[EM] my letter to CVD

James Green-Armytage jarmyta at antioch-college.edu
Sun Apr 4 05:43:02 PDT 2004


Dear Election Methods fans,

	Here is a copy of the letter which I wrote to CVD in reply to their IRV
vs. Condorcet draft, minus a few deletions. Comments are more than welcome.

all my best,
James

______________________________________________________

Dear Mr. Richie and Mr. Bouricius,

	First of all let me say that I do support IRV. I've been living in
Berkeley since January, and I gave nothing but support to measure I.
	However, I still think that Condorcet's method of pairwise comparisons is
the most profound organizing principle for single winner voting, just as
STV is the most profound organizing principle for proportional
representation.
	I thank you for taking some time to consider Condorcet's method, and to
draft a statement addressing your concerns with it. I hope that you intend
the statement as part of an ongoing dialogue rather than a final
closing-off of dialogue.
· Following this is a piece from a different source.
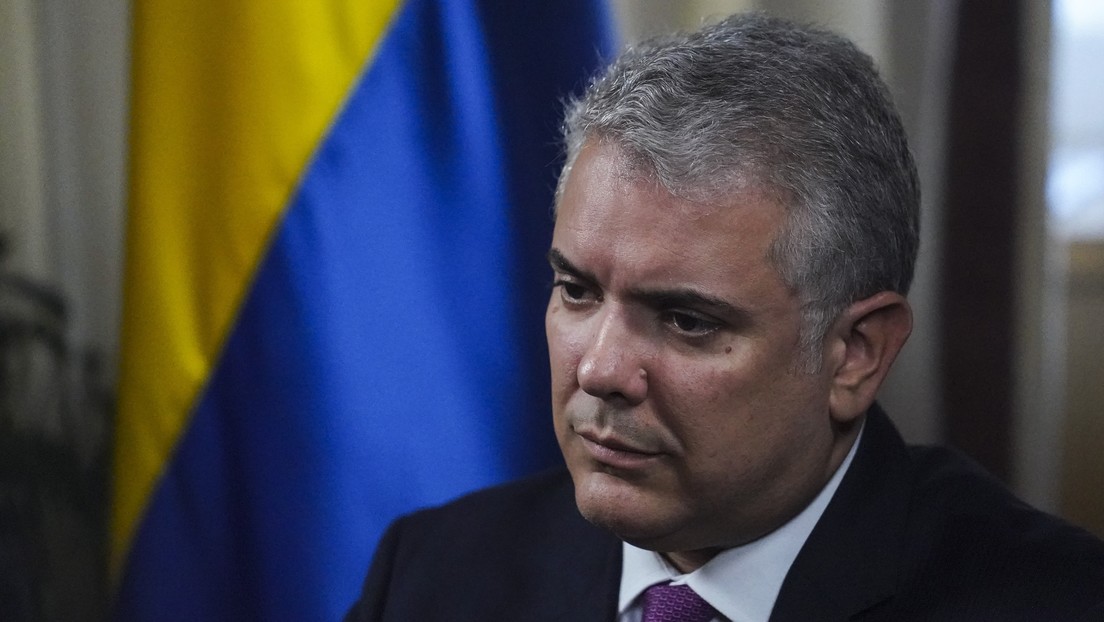 Iván Duque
Of course I don't ask that you devote all of your
time to such analysis, but just to keep an open mind on it, and to keep
thinking about it when you do have time.

>For example, in some rare cases a voter in an IRV election can hurt a
>candidate by ranking that candidate more highly. Although technically
>true, its importance is negligible because such a rare mathematical
>possibility is almost impossible to anticipate before an election and
>thus of no tactical significance. 

	I agree that lacking monotonicity isn't a huge problem for IRV. It does
have *some* tactical significance, but it's not fatal. Actually I think
that the problem is theoretically worse in the traditional two round
runoff. For example, a case where a Republican had 45% and two Democrats
were in a near tie around 22% or 23%. Clever Republicans might vote in the
initial election for the Democrat whom they perceive of as being easier
for the Republican to defeat. The problem in IRV is analogous to this, but
less severe because the Republican's vote would have to stick with the
'weak' Democrat until he got eliminated. Successful exploitation of IRV's
lack of monotonicity would indeed be difficult.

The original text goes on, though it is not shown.